Après avoir caricaturé, critiqué, moqué, l’encadrement des loyers proposé par François Hollande, voilà que Nicolas Sarkozy fait sienne cette idée.
Dans une interview à paraître la semaine prochaine dans l’hebdomadaire Femme Actuelle, le candidat UMP se dit favorable à un système d’encadrement des loyers semblable au système en vigueur en Allemagne, affirme l’agence de presse Reuters dans une dépêche publiée mercredi soir.
Outre-Rhin, il existe un «miroir des loyers» autrement dit une banque de données qui permet de connaître les loyers de marché dans la plupart des villes du pays.
Si un propriétaire abuse en louant son logement plus de 20% au-dessus des prix du marché local, le locataire peut exercer un recours devant un tribunal pour obtenir un réajustement à la baisse.

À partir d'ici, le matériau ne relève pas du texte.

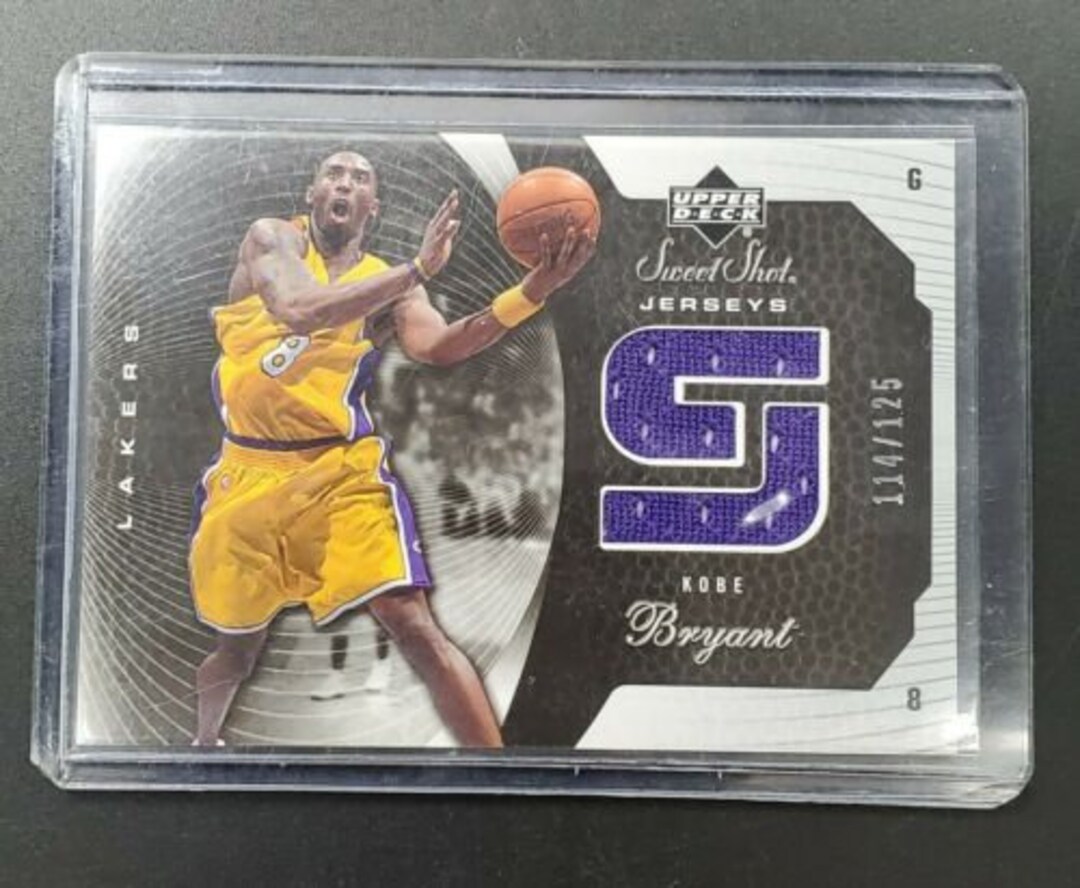 Kobe Bryant 2005 Upper Deck Sweet Shot REAL GAME JERSEY Piece Card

Interrogé sur ce système par Femme Actuelle, Nicolas Sarkozy répond: «C’est une bonne idée. Il ne s’agit pas de bloquer les loyers mais bien d’un encadrement. Je l’appliquerai.»
Le 29 janvier, en direct sur neuf chaînes de télévision, il disait exactement le contraire. «Si on fait l’encadrement des loyers, c’est très simple: plus personne ne louera et plus personne ne construira. C’est exactement le contraire de ce qu’il faut faire. Cela n’a marché nulle part, même à l’époque de l’Union soviétique».
Hollande ironise
Invité jeudi par la rédaction de Libération comme d’autres candidats à l’élection présidentielle, François Hollande a ironisé sur ce retournement. « Je suis heureux de voir que sous la pression il arrive à un modèle qu’il décriait hier. Je ne me plains pas d’avoir eu raison le premier ».
L’encadrement voulu par candidat socialiste pour contenir la flambée des loyers à la relocation (quand le locataire change) s’inspire précisément du système allemand.
Dans les zones tendues (Paris-Ile-de-France, littoral méditerranéen, le Genevois français…) il y aura des références de loyers, ville par ville, ou même quartier par quartier s’agissant des grandes métropoles.
Ces références serviront à fixer le montant maximum du loyer lors de la signature d’un nouveau bail.
Si dans un quartier, le loyer moyen de marché est de 20 euros le mètre carré par exemple, les logements proposés à la location dans le même secteur ne pourront pas dépasser ce montant.
Ce qui veut dire que les logements remis sur le marché et loués (jusque-là) plus chers devront baisser (ce mécanisme ne s’appliquera qu’aux nouveaux baux, il n’y aura pas de rétroactivité pour les baux en cours).
A l’inverse, des logements loués jusque-là à très bas prix, par exemple à des personnes âgées qui s’en vont, pourront être augmentés jusqu’au plafond.
L’encadrement de Hollande va plus loin que le système allemand, puisqu’il fixe un plafond maximum. Mais c’est bien la moyenne du marché qui sert de référence. Nicolas Sarkozy ne va pas jusque-là.
Interrogé par Libération, René Dutrey, conseiller de Paris (EE-LV) et auteur d’un des rares rapports sur l’encadrement des loyers, se dit sidéré. «Depuis trente ans, la droite française a toujours prôné un marché libre du logement considérant qu’il finirait par réguler les choses, souligne l’élu parisien. Or force est de constater que le secteur du logement s’est financiarisé et qu’il est devenu une machine à exclure les populations les plus modestes mais aussi les couches moyennes dans les grandes villes.»
Egalement contacté par Libération, le ministre du Logement, Benoist Apparu, lui aussi très critique jusqu’ici sur l’encadrement des loyers, esquive. «Nicolas Sarkozy, dit que le modèle allemand de miroir des loyers est transposable en France. Mais cela n’a rien à voir avec ce que propose François Hollande qui veut baisser les loyers de 20%.»
En fait le ministre du Logement minimise le retournement de veste de Nicolas Sarkozy, et caricature le projet de François Hollande.
Dans son rapport sur l’encadrement des loyers, René Dutrey préconise une mesure forte dans les quartiers où la spéculation bat son plein, où les loyers sont au zénith. Dans ces secteurs il propose de procéder à une baisse de 20% du loyer plafond autorisé pour calmer la fièvre. Mais cela serait limité à quelques zones.
Une idée reprise dans une proposition de loi du PS et qui permet à Benoist Apparu de caricaturer l’encadrement proposé par Hollande, laissant entendre qu’il veut baisser les loyers de 20% partout.